Task requirements: Go to the line that contains "Sea Hill Boutique Residence - Teras" in the listing below, then output it and every line after it exactly, omitting pictures.

Data to use:
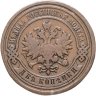 Купить 2 копейки 1885 СПБ
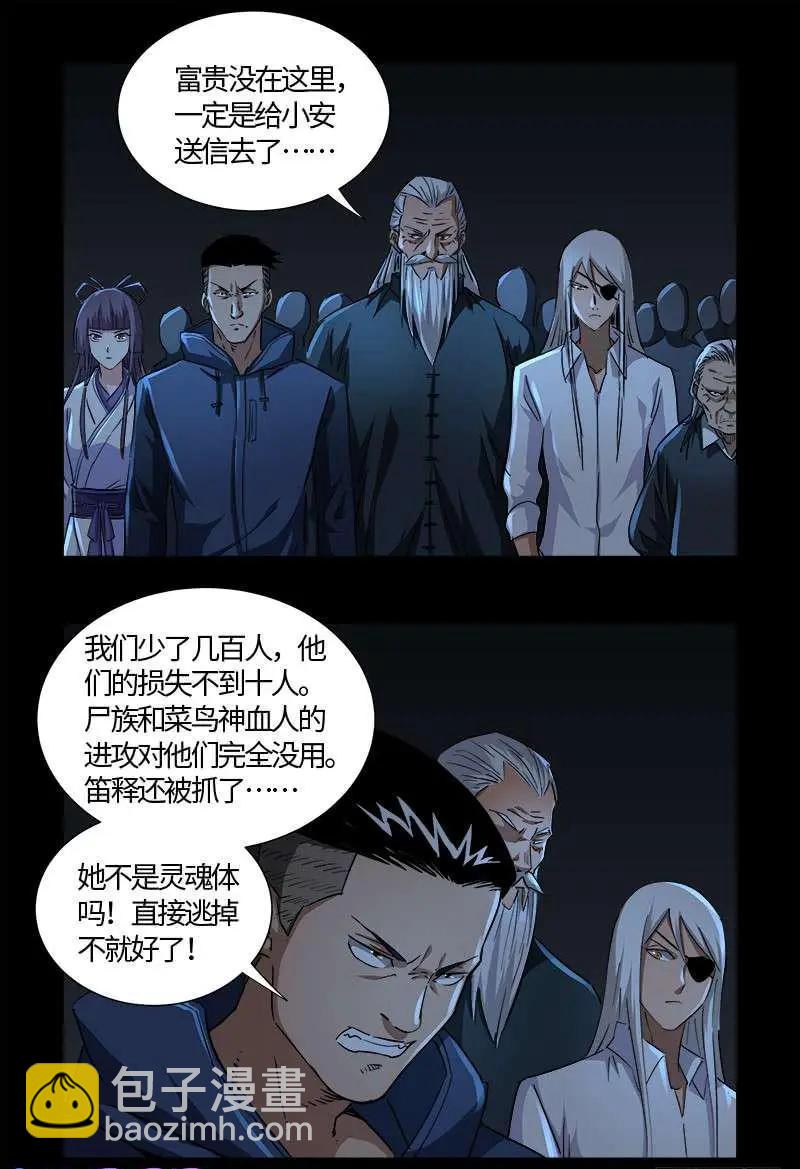 🍚血魔人 第535话 歼灭战 第15页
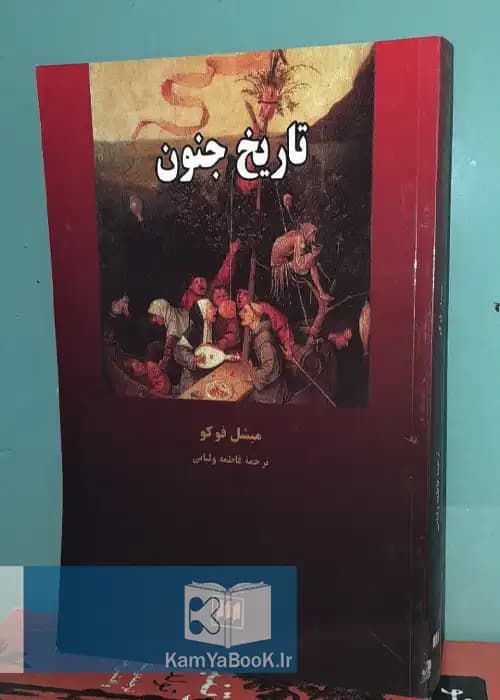 تاریخ جنون اثر میشل فوکو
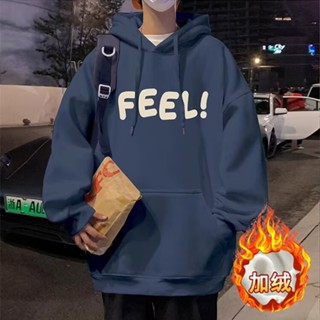 oversize連帽衛衣男 秋冬季新款 加絨 寬鬆 休閒 打底上衣 情侶 復古 字母印花 帽衫（YY7014）【壹號站】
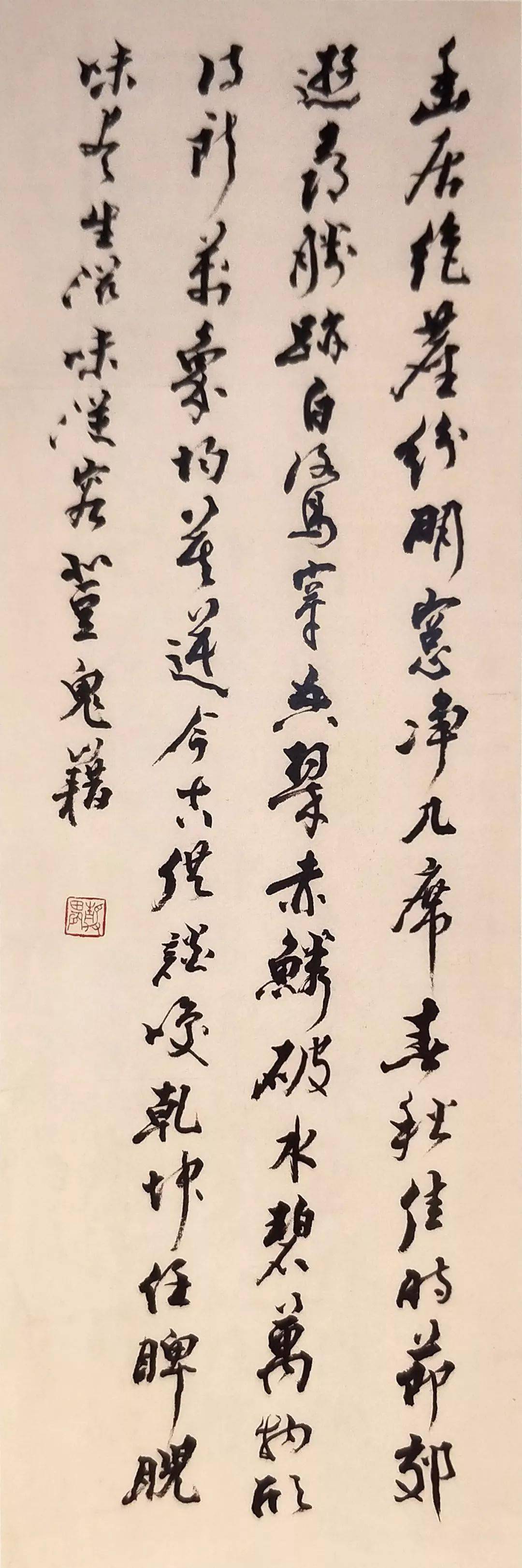 台静农(1903-1990) 行书白居易诗 纸本镜心 钤印:静农长寿,者回折了草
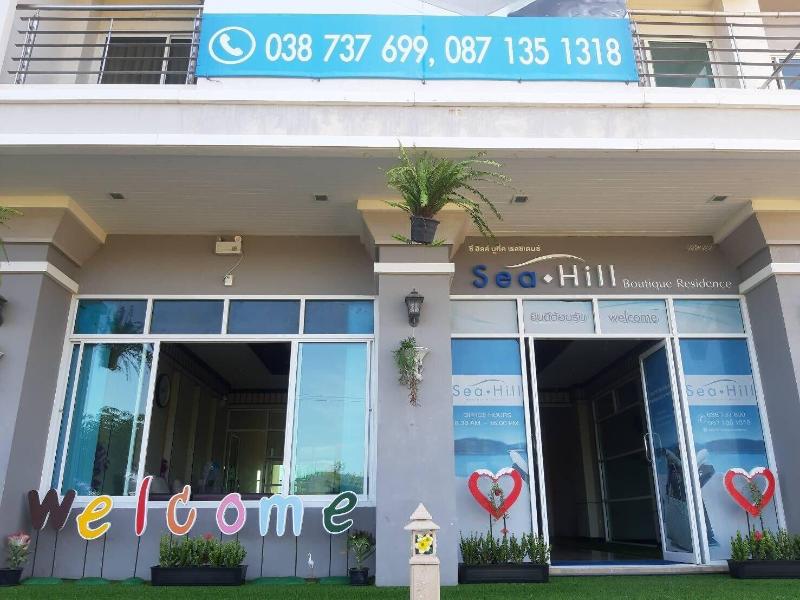 Sea Hill Boutique Residence - Teras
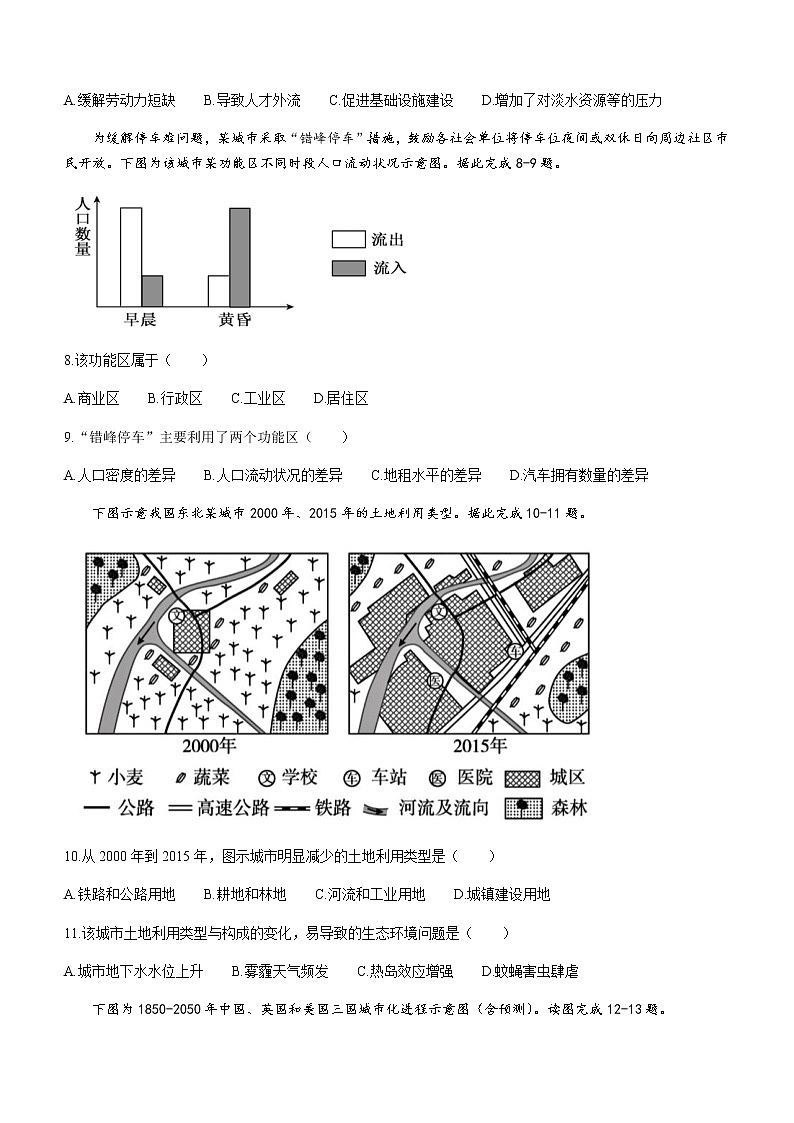2021合肥六校高一下学期期末联考地理试题含答案第3页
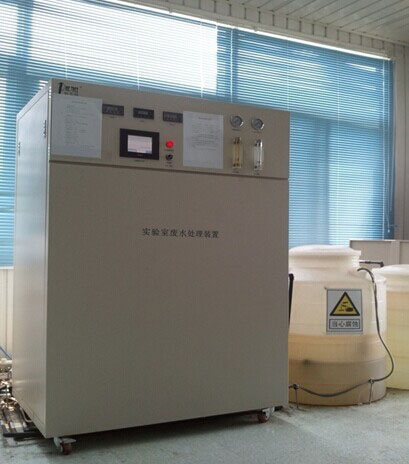 实验室综合废水处理设备.jpg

Task response:
 Sea Hill Boutique Residence - Teras
2021合肥六校高一下学期期末联考地理试题含答案第3页
 实验室综合废水处理设备.jpg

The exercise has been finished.